How to complete this task: Reproduce the entries that follow exactly, dropping each image.
· · · · · · ·
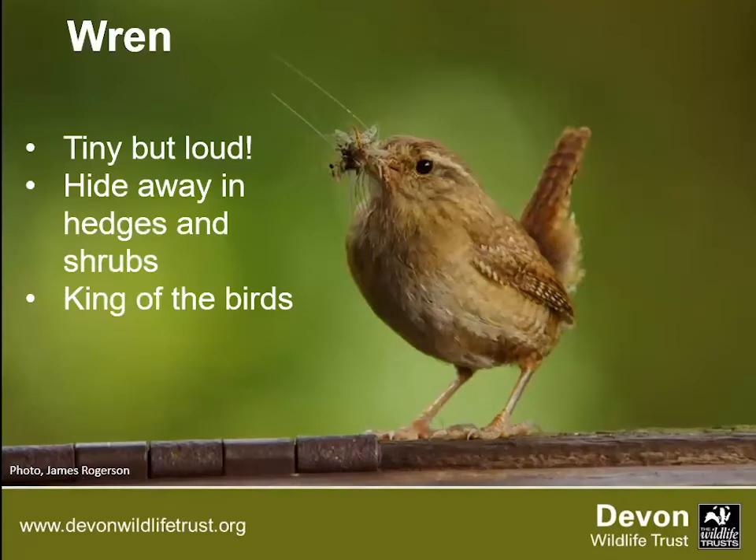Next up is the wren — a really common garden bird but you're less likely to see them. They're really small and hide away in bushes and shrubs looking for spiders and other insects. They're very tiny but very loud, so you might hear their trilling call. Because they're so small they don't have much body fat to keep them warm in winter. They'll huddle together — even forgetting their territorial nature on a cold night. The record is 61 wrens counted in one nest box in Norfolk. Their populations can decline over a cold winter but they rebuild in spring with a high breeding rate.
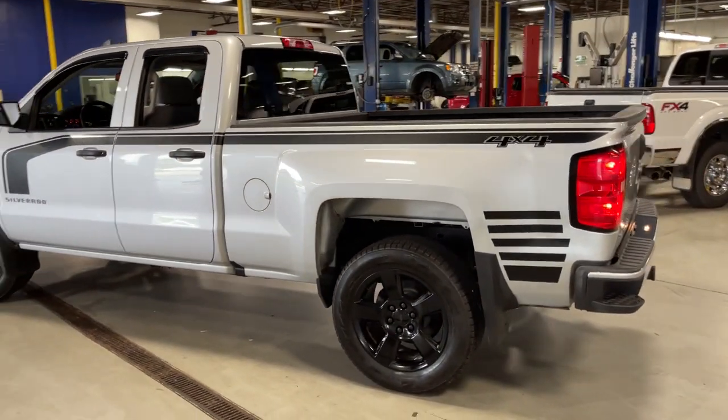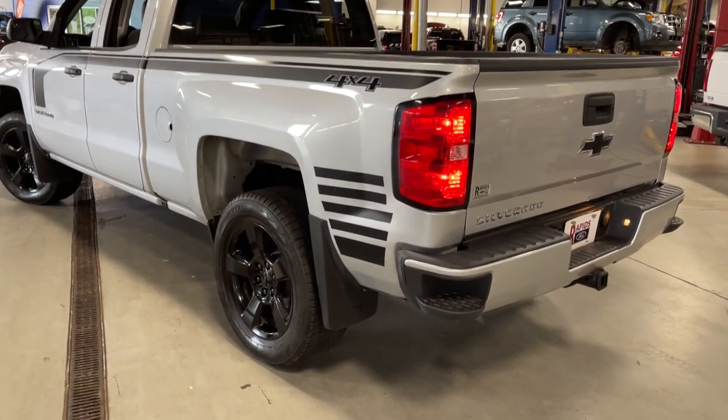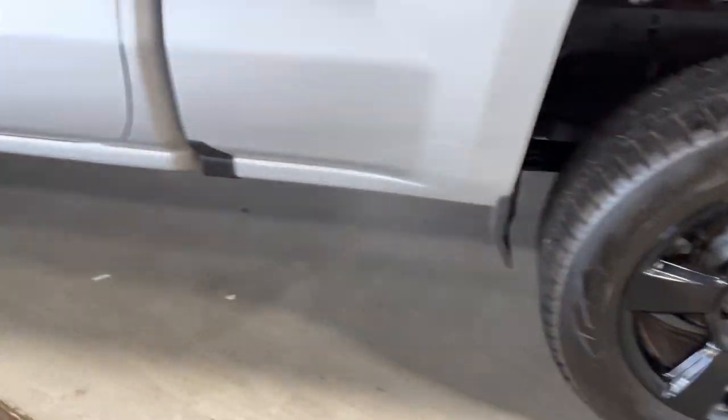These are just some of the great options this vehicle comes with: bedliner, electronic stability control, trip computer, power windows, four-wheel disc brakes, and power steering.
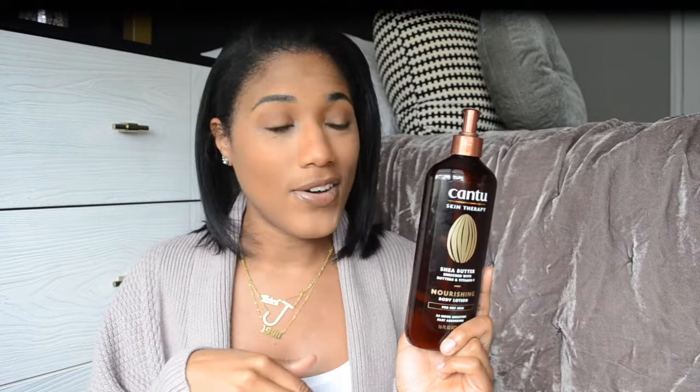Cantu is known for hair products, and if you've watched any of my hair tutorials you know I use their shampoo, conditioner, flat ironing spray, deep conditioners — everything. I wanted to give their lotion a try and this is a 10 out of 10. Go check this out — especially for my girls with really dry skin, you'll love it.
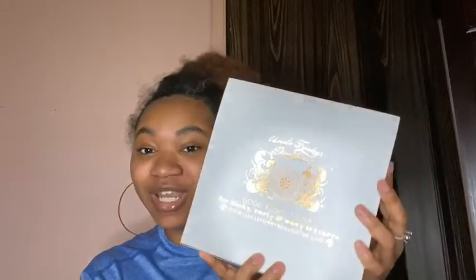Today we're gonna be doing an unboxing with my favorite brand. I love this brand — they always take care of me, they always be sending me stuff. We're gonna be doing an unboxing today, y'all probably already know.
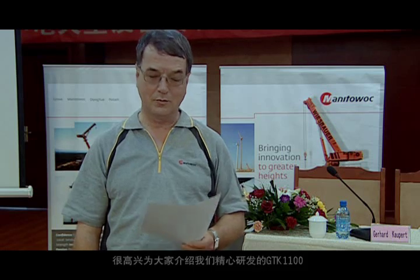Hello, I'm Gerd Kaupert, Technical Director for Special Projects, Grove Mobile Cranes, and it's my pleasure to introduce our GDK 1100 to you.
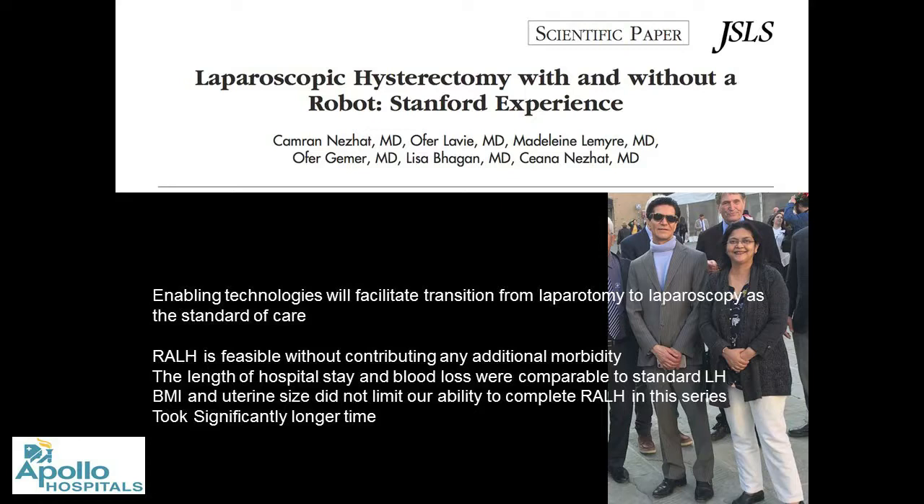Regarding laparoscopic hysterectomy without the robot — the Stanford experience — I had the pleasure of meeting Dr. Karma Nerzat 15 days ago at a conference in Perugia, Italy. Anyone who follows minimal access surgery will have come across him — he is a wizard with laparoscopy and was likely the pioneer who started video laparoscopy. He told me: 'I firmly believe that laparoscopy and robotics will find a crosspath, and robotics will find its place here. It is definitely feasible for large uterus with no additional morbidity. Length of stay is comparable, and BMI or uterine size did not limit our ability.'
· · · · · · ·
Reply:
Next up is the wren — a really common garden bird but you're less likely to see them. They're really small and hide away in bushes and shrubs looking for spiders and other insects. They're very tiny but very loud, so you might hear their trilling call. Because they're so small they don't have much body fat to keep them warm in winter. They'll huddle together — even forgetting their territorial nature on a cold night. The record is 61 wrens counted in one nest box in Norfolk. Their populations can decline over a cold winter but they rebuild in spring with a high breeding rate.
These are just some of the great options this vehicle comes with: bedliner, electronic stability control, trip computer, power windows, four-wheel disc brakes, and power steering.
Cantu is known for hair products, and if you've watched any of my hair tutorials you know I use their shampoo, conditioner, flat ironing spray, deep conditioners — everything. I wanted to give their lotion a try and this is a 10 out of 10. Go check this out — especially for my girls with really dry skin, you'll love it.
Today we're gonna be doing an unboxing with my favorite brand. I love this brand — they always take care of me, they always be sending me stuff. We're gonna be doing an unboxing today, y'all probably already know.
Hello, I'm Gerd Kaupert, Technical Director for Special Projects, Grove Mobile Cranes, and it's my pleasure to introduce our GDK 1100 to you.
Regarding laparoscopic hysterectomy without the robot — the Stanford experience — I had the pleasure of meeting Dr. Karma Nerzat 15 days ago at a conference in Perugia, Italy. Anyone who follows minimal access surgery will have come across him — he is a wizard with laparoscopy and was likely the pioneer who started video laparoscopy. He told me: 'I firmly believe that laparoscopy and robotics will find a crosspath, and robotics will find its place here. It is definitely feasible for large uterus with no additional morbidity. Length of stay is comparable, and BMI or uterine size did not limit our ability.'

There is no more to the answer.